ABOUT THIS TASK:
Repeat the full listing below verbatim and keep the images out.

SUPPLIED RECORDS:

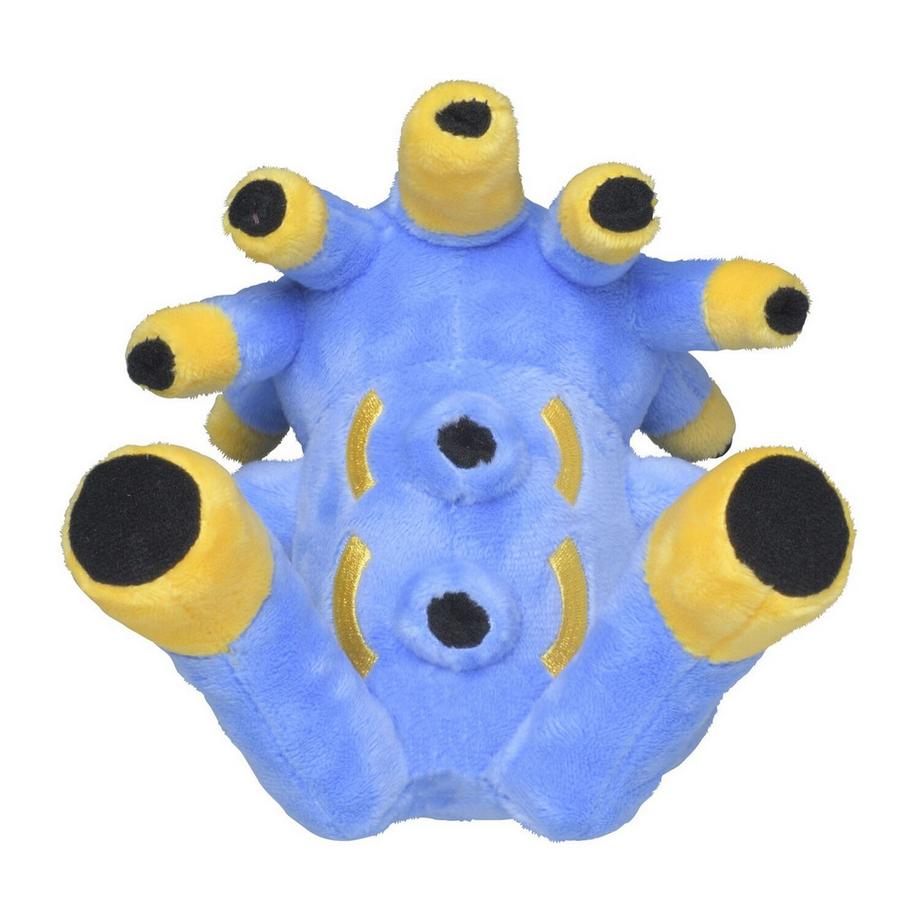 Pokémon  Exploud Sitting Cuties Plush 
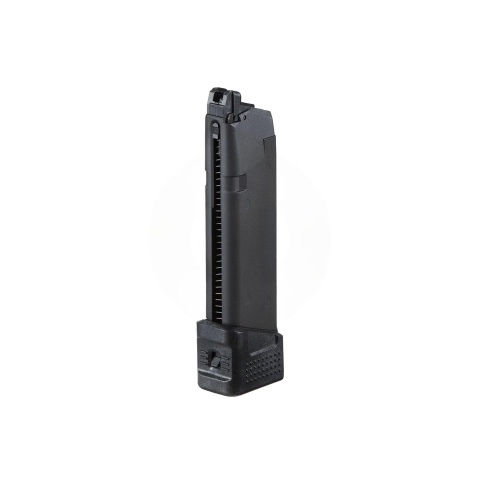 ICS Pistol Magazine for ICS ICP Pistol Green Gas 30 rds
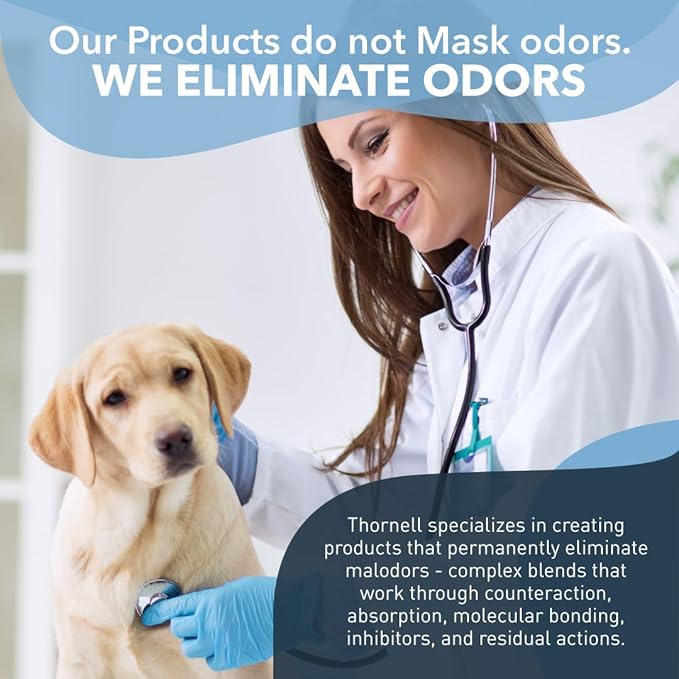 K.O.E. Fresh Scent Odor Eliminator Concentrate for Kennels, Cages, Floors & More - Non-Enzymatic Pet Odor Solution for Home & Dog Kennel - Home & Pet Supplies (1 Gal)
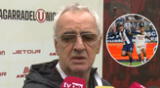 Jorge Fossati pidió reprogramar el clásico entre Universitario vs Alianza Lima. Jorge Fossati pidió reprogramar el clásico entre Universitario vs Alianza Lima.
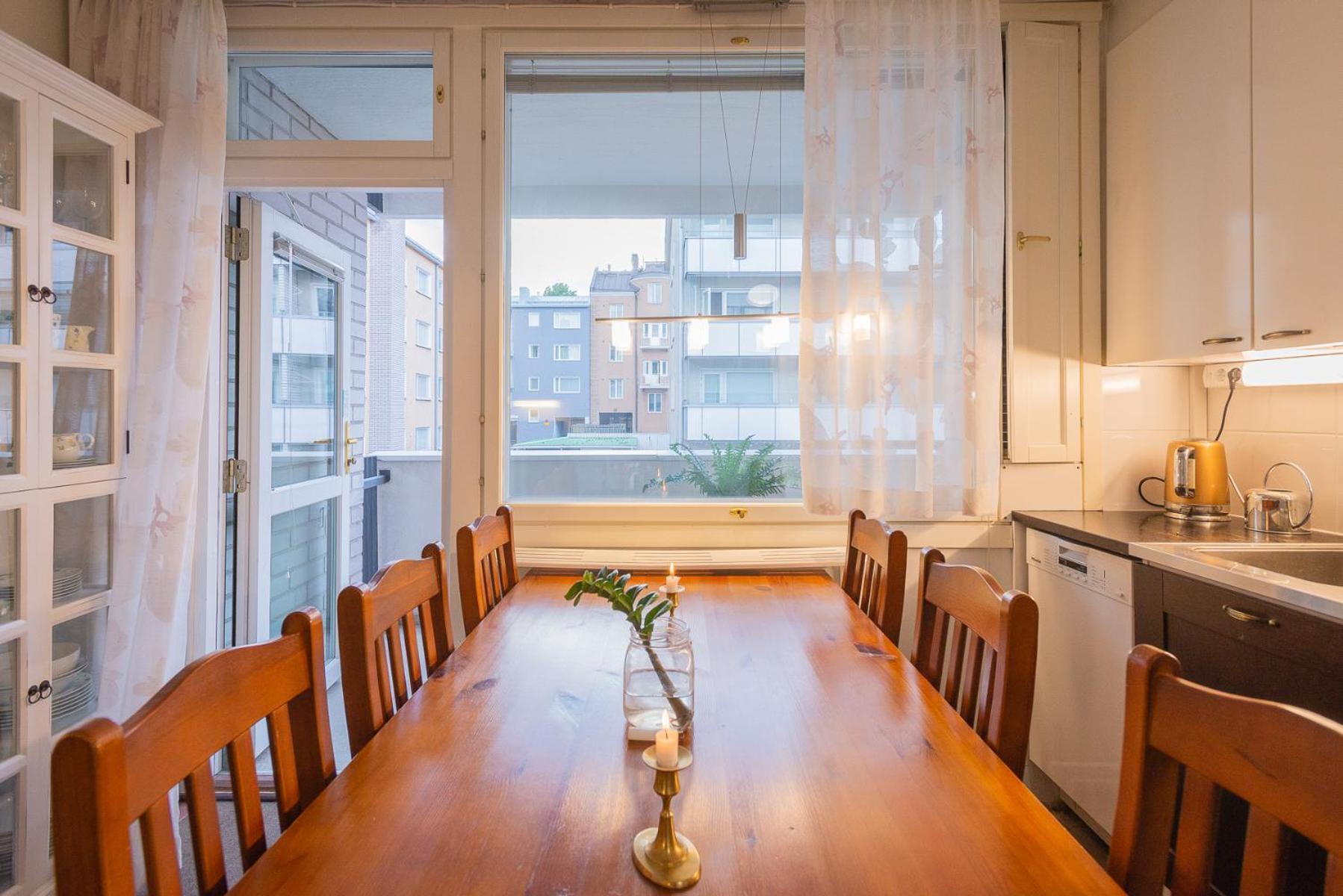 White House 61M2 Alppila Helsinki Apartamento Exterior foto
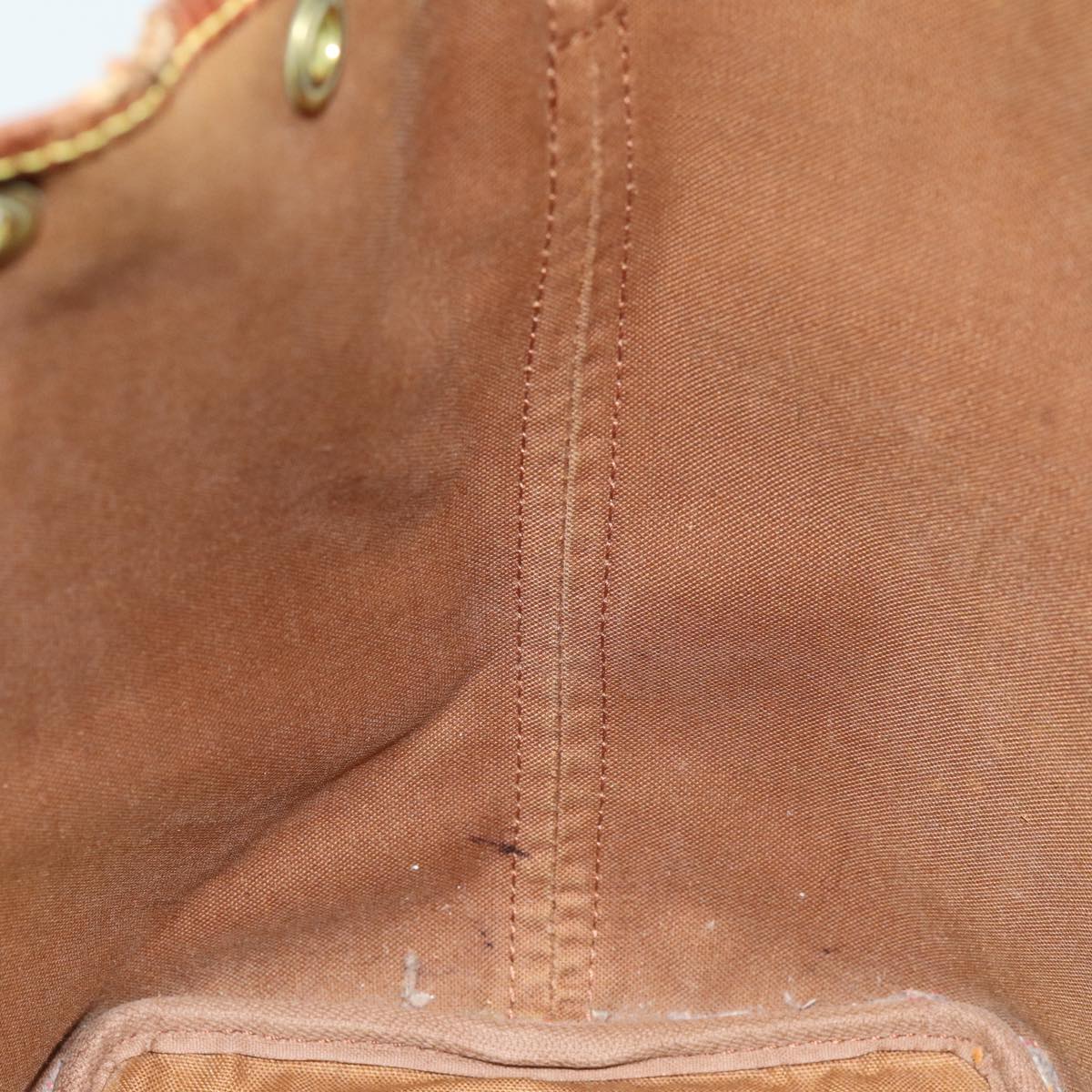 LOUIS VUITTON Monogram Petit Noe Shoulder Bag M42226 LV 75295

RESULT BELOW:
 Pokémon  Exploud Sitting Cuties Plush 
 ICS Pistol Magazine for ICS ICP Pistol Green Gas 30 rds
 K.O.E. Fresh Scent Odor Eliminator Concentrate for Kennels, Cages, Floors & More - Non-Enzymatic Pet Odor Solution for Home & Dog Kennel - Home & Pet Supplies (1 Gal)
 Jorge Fossati pidió reprogramar el clásico entre Universitario vs Alianza Lima. Jorge Fossati pidió reprogramar el clásico entre Universitario vs Alianza Lima.
 White House 61M2 Alppila Helsinki Apartamento Exterior foto
 LOUIS VUITTON Monogram Petit Noe Shoulder Bag M42226 LV 75295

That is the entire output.